Wednesday, May 18, 2016

New York morning.

This morning, I got out of my car service at 53rd and Madison and decided to hoof it the remaining mile-and-a-half to work. That's been my regimen for about the past six months as I attempt to battle the ravages of age and adipose. 

It also put me back in the center of the city, a welcome melange that I miss since I started working on 11th Avenue (East New Jersey) almost two years ago. I like the cacophony and the mayhem. I like the noise and the bustle. I like how everything, even a leisurely walk in the morning, is done at double-time.

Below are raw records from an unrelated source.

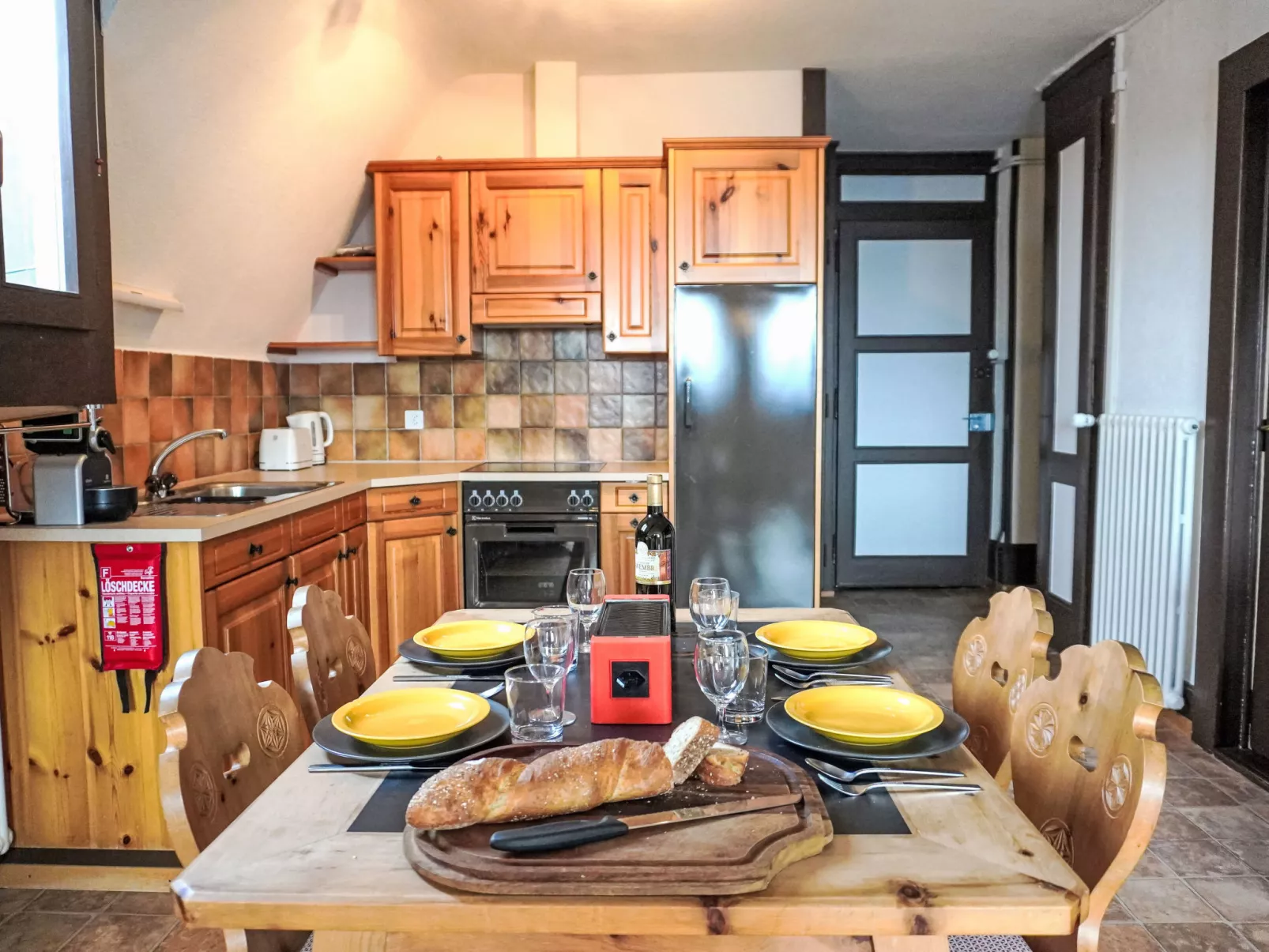 Plan Névé 5 - Binnen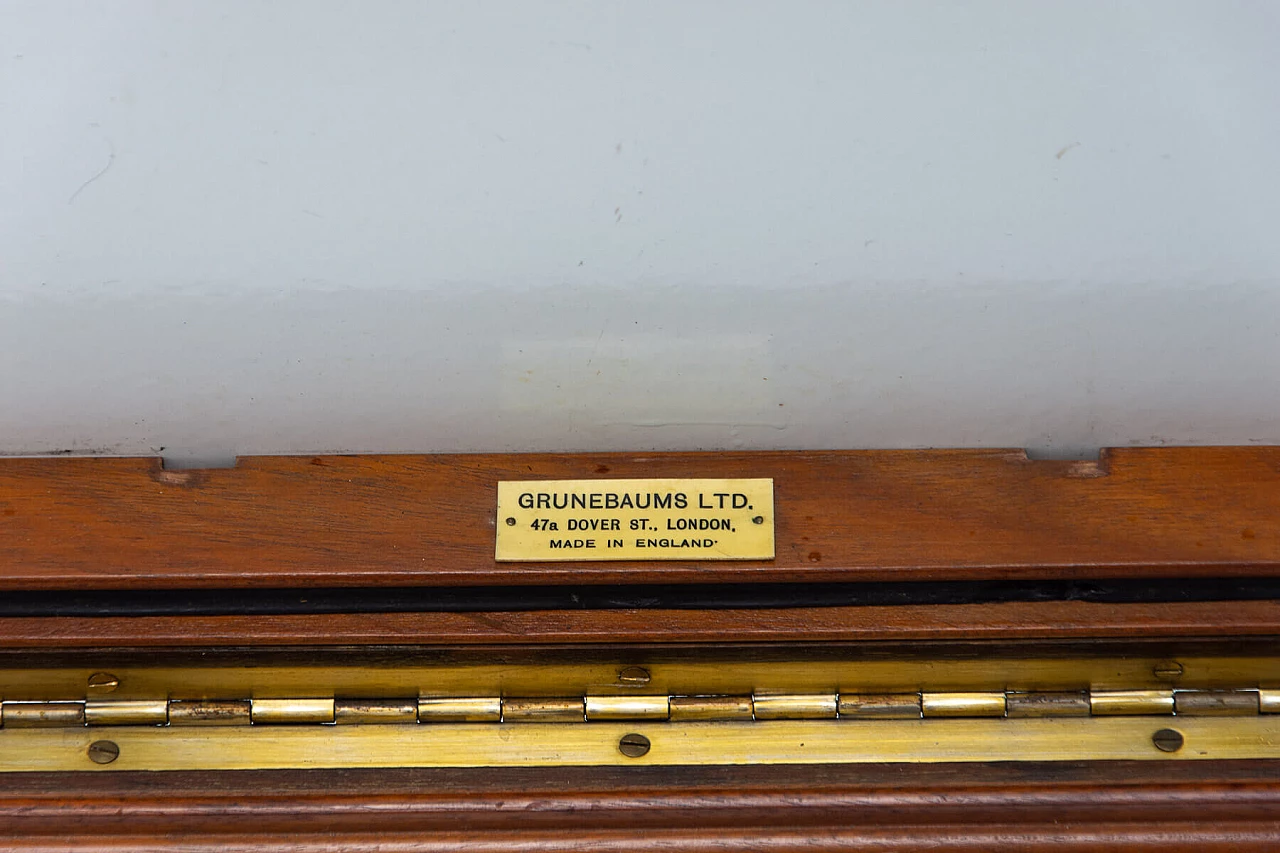 English cigar box by Grunebaums LTD, 1930s 4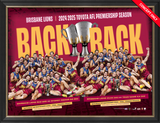 Brisbane Lions 2025 Premiers Sportsprint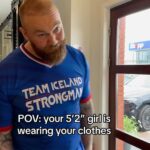 Hafþór Júlíus Björnsson Instagram – Team Iceland Strongman shirts back in stock!!!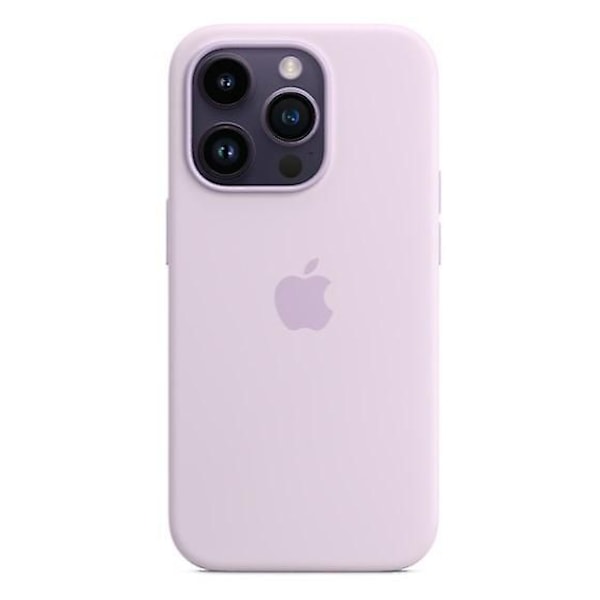 Silikonskal Kompatibelt Med Iphone 14pro Lilac
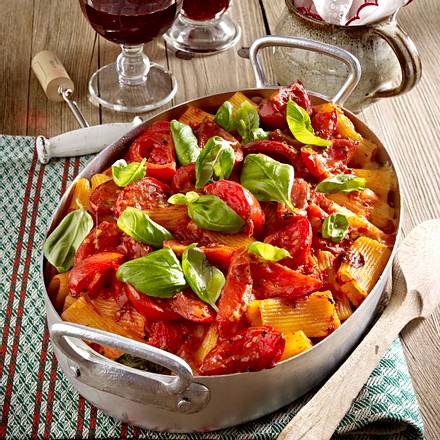Pasta al forno Rezept Pasta al forno Rezept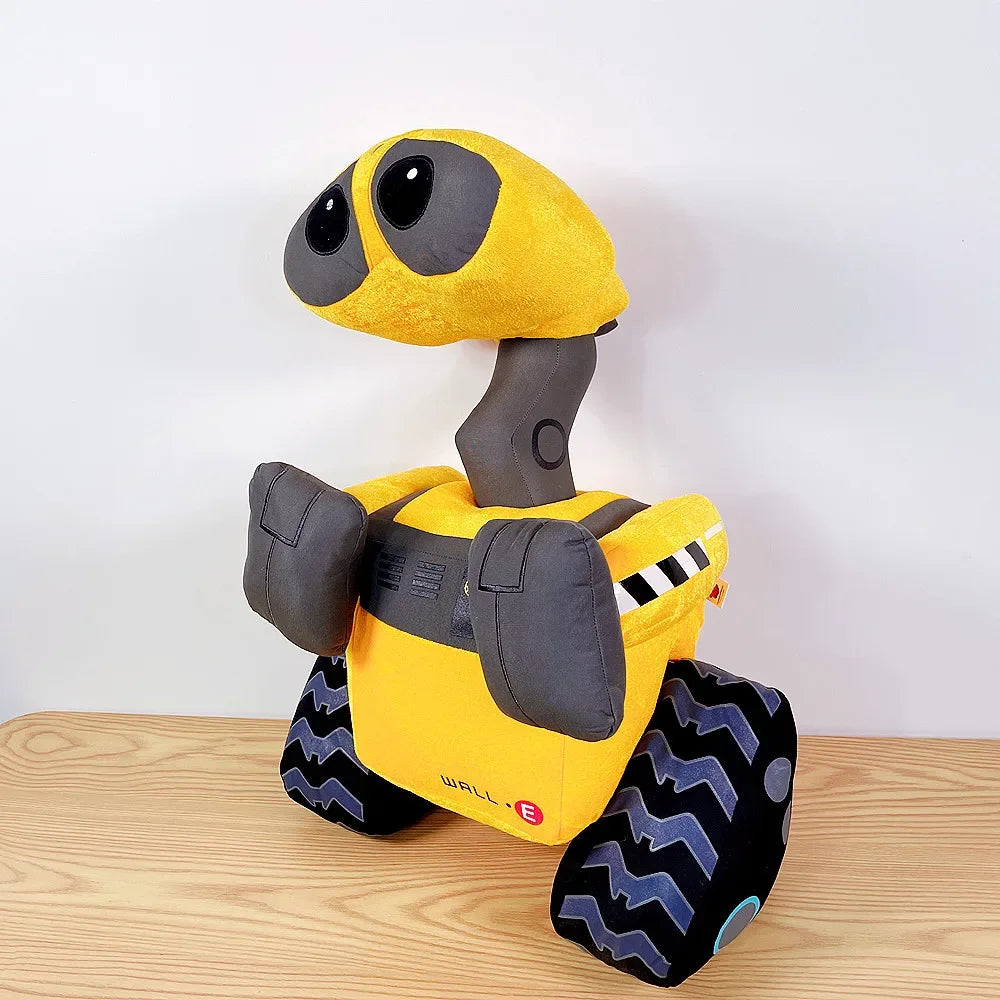 Disney WALL-E Plush Toy – 55cm Soft Robot Doll for Kids & Home Decor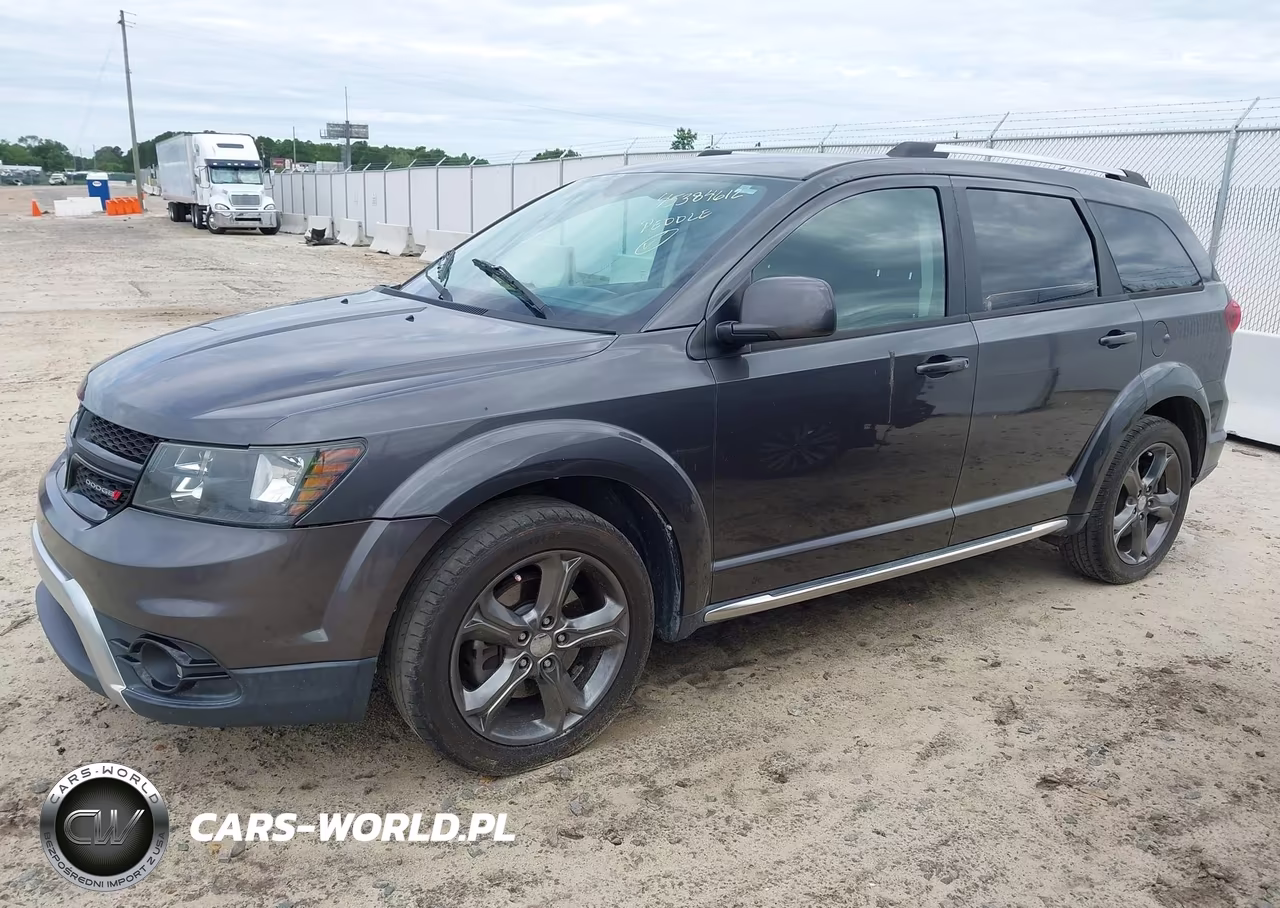 2015 Dodge Journey Crossroad VIN:3C4PDCGB5FT605543 - 14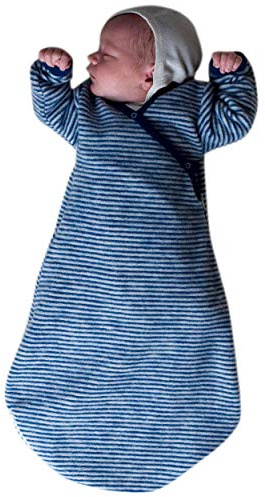Lilano, Baby Wickelsack Flausch, 100% Wolle (kbT)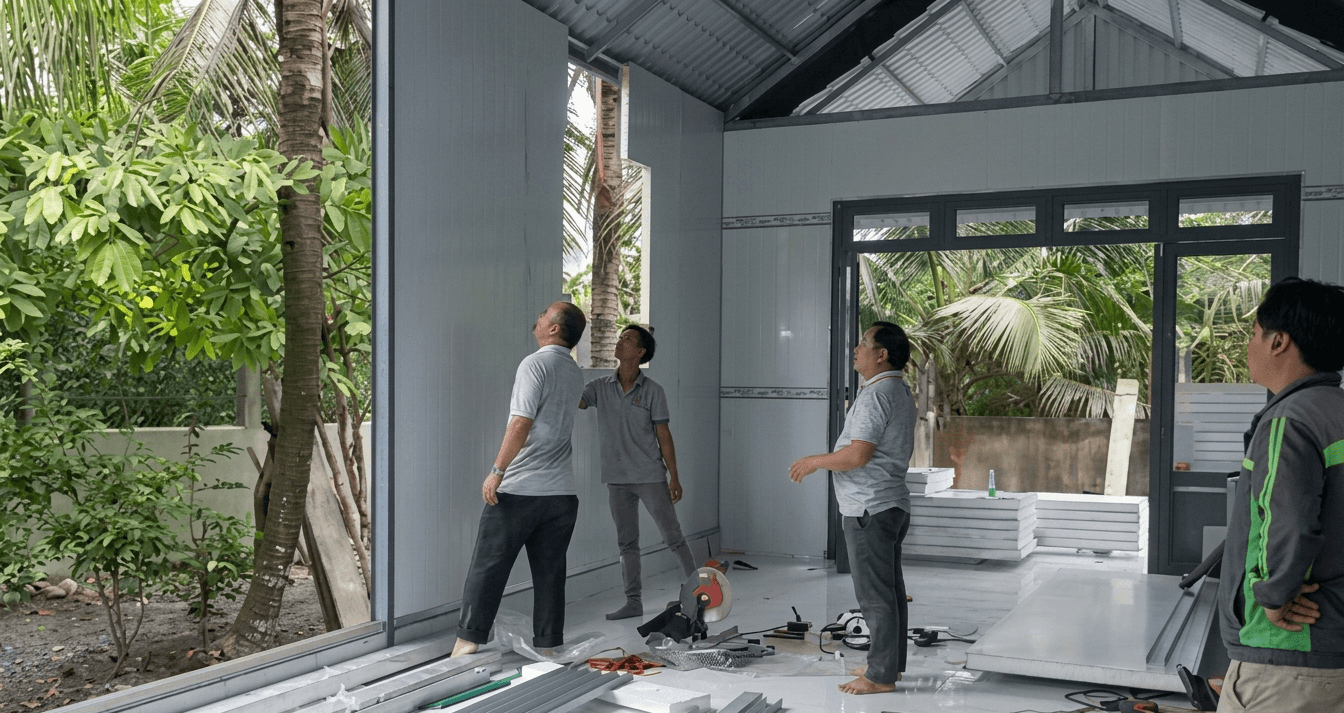 5 Xu Hướng Xây Nhà Tiền Chế Vách Panel: Giải Pháp Đột Phá, Tiết Kiệm Chi Phí
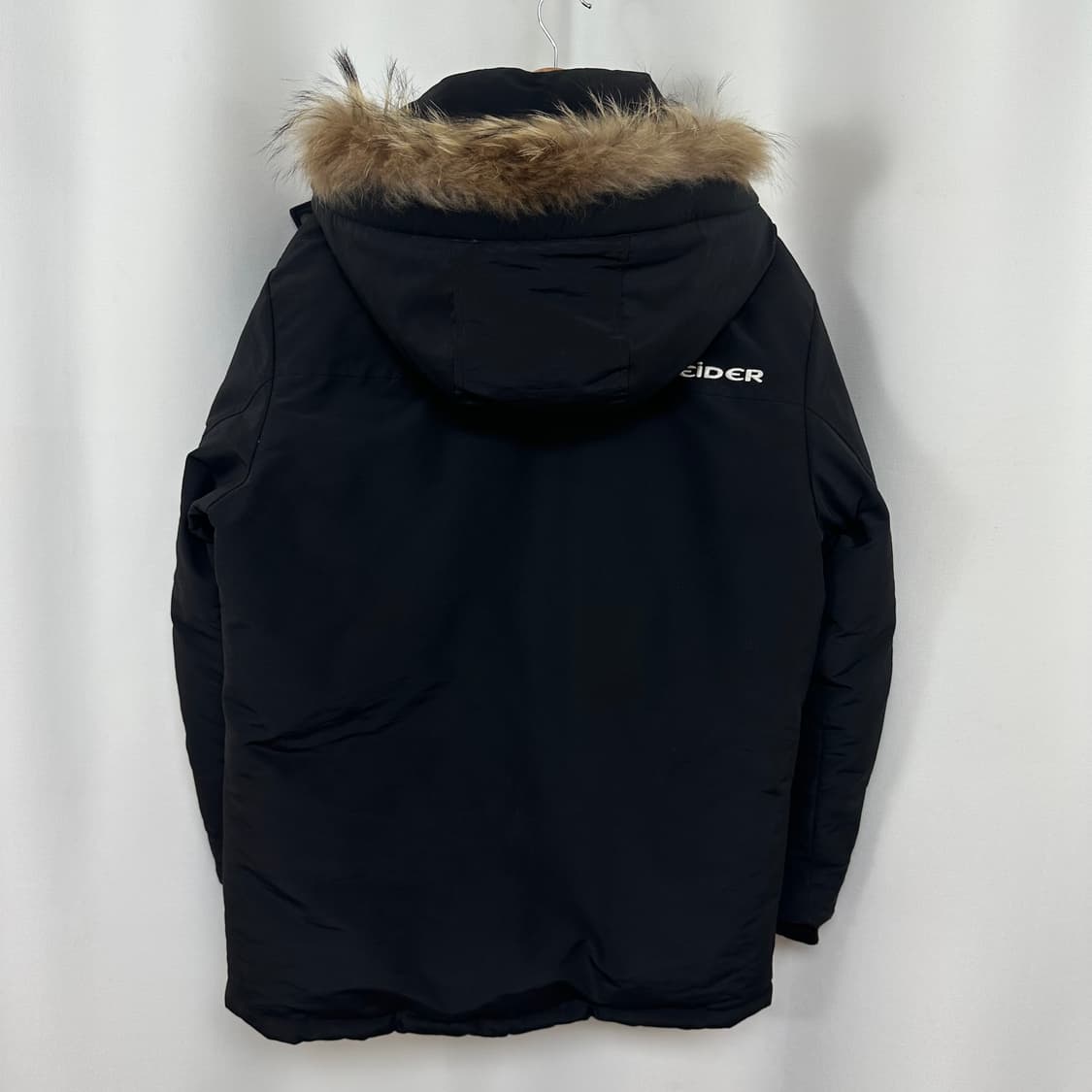   아이더 남자 패딩점퍼 방한패딩 오리털 검정 XL  EIW 상품이미지6
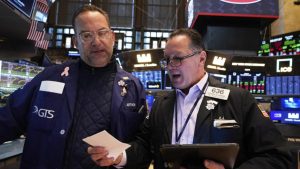 Wall Street advances as shares in Microsoft, Meta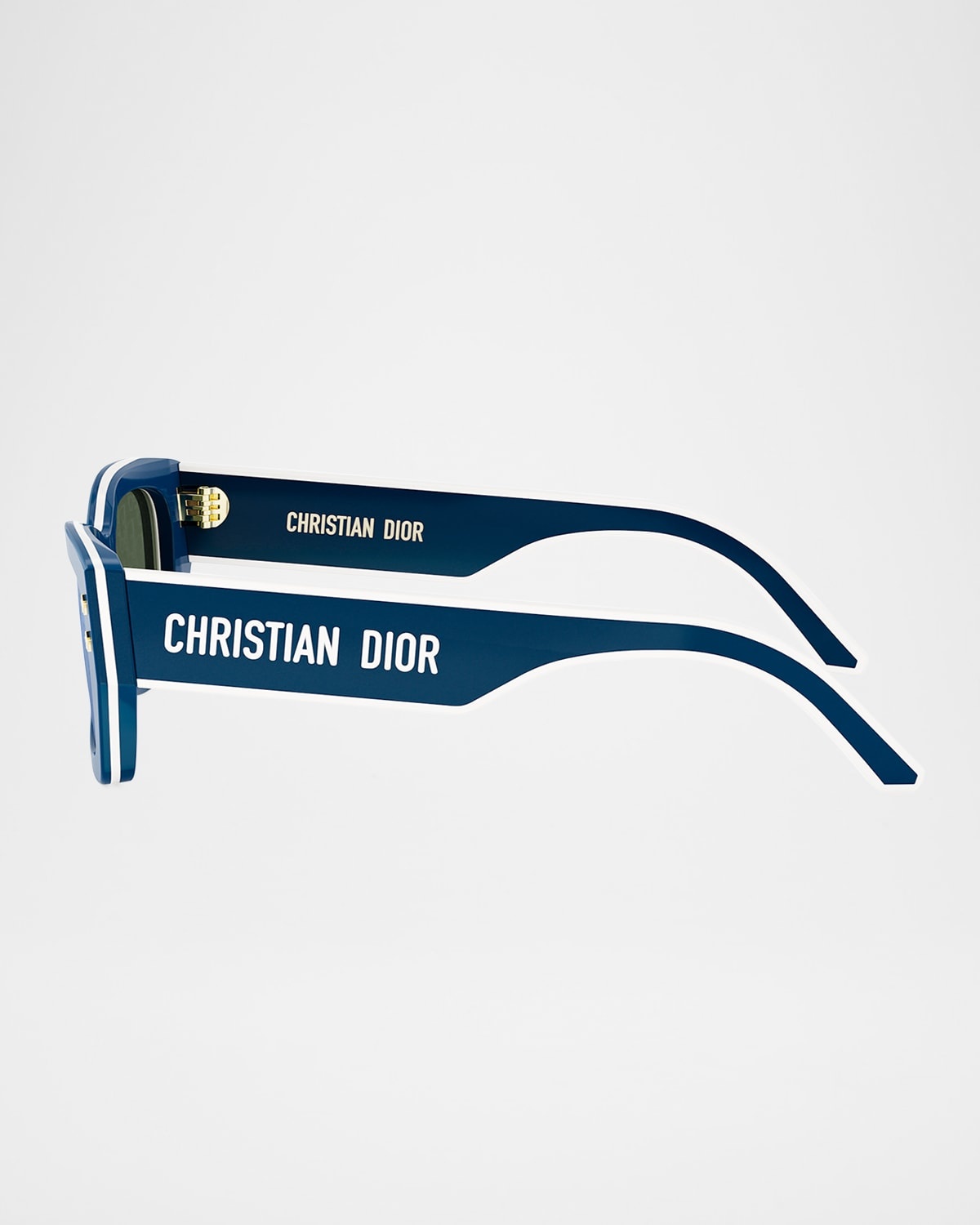 DiorPacific Two-Tone Square Sunglasses - 4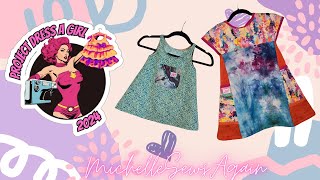 EASY to sew dresses for little girls projectdressagirl2024 [upl. by Mccourt]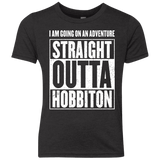 Straight Outta Hobbiton Youth Triblend T-Shirt
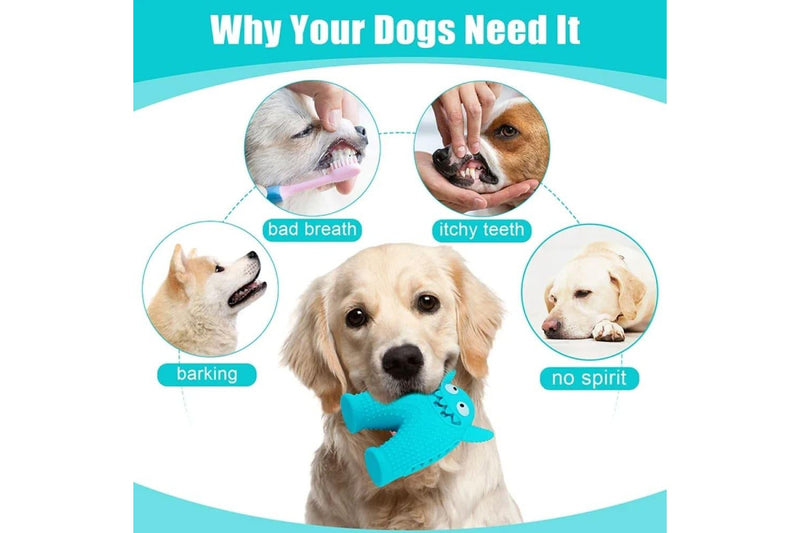 Tough Squeaky Dog Toy Natural Rubber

On 53rd and Park, I saw a well-dressed 50-something couple waiting on the corner for the light to change. Standing in front of them was a young woman--their daughter, probably next to a gowned soon-to-graduated Columbia man, wearing his skyblue robe and a mortar board.


I'm not sure where they were going. I was sure Columbia's graduation is up on campus, some 60 blocks north. But I stopped and said to the old man--the father, I guess, congratulations.


36 years ago I graduated and the world was more like the photo above than it is today. Somehow, I was more comfortable in time.


New York, of course, was more dangerous, and grimier, and dirty. But we didn't know any better. That was the New York we had always known, and for all the collapsing of the rafters like "The Fall of the House of Usher," there was a comfort to the place. Change seemed to come a little slower.


That's probably not true.

Change always comes too quickly.


And even back then, the tides of change were sweeping clean the beaches you had grown up with. Even back then, Salters, the great bookstore and Columbia institution, had given way to a 24x7 food market, and rumors were afoot that the giant Chock Full O' Nuts coffee shop with the serpentine formica counters and the 32-cent cup of coffee was being razed for a trendy Chinese restaurant.


My old man used to joke that New York will be a great place when it's finally finished. Though I'd love to give my father credit,  Thomas Wolfe--not Tom--said it better: "One belongs to New York instantly. One belongs to it as much in five minutes as in five years."


I've been in New York, been eating, breathing and living New York since 1957, just a year after Diane Arbus took the photo above. Sometimes I hope a 1950s Checker will pick me up in the rain and take me through a wormhole back to the black-and-white world I miss.


Where, like I said, you could get a cuppa for 32 cents, rent an apartment for $90/month and the future was still in the future.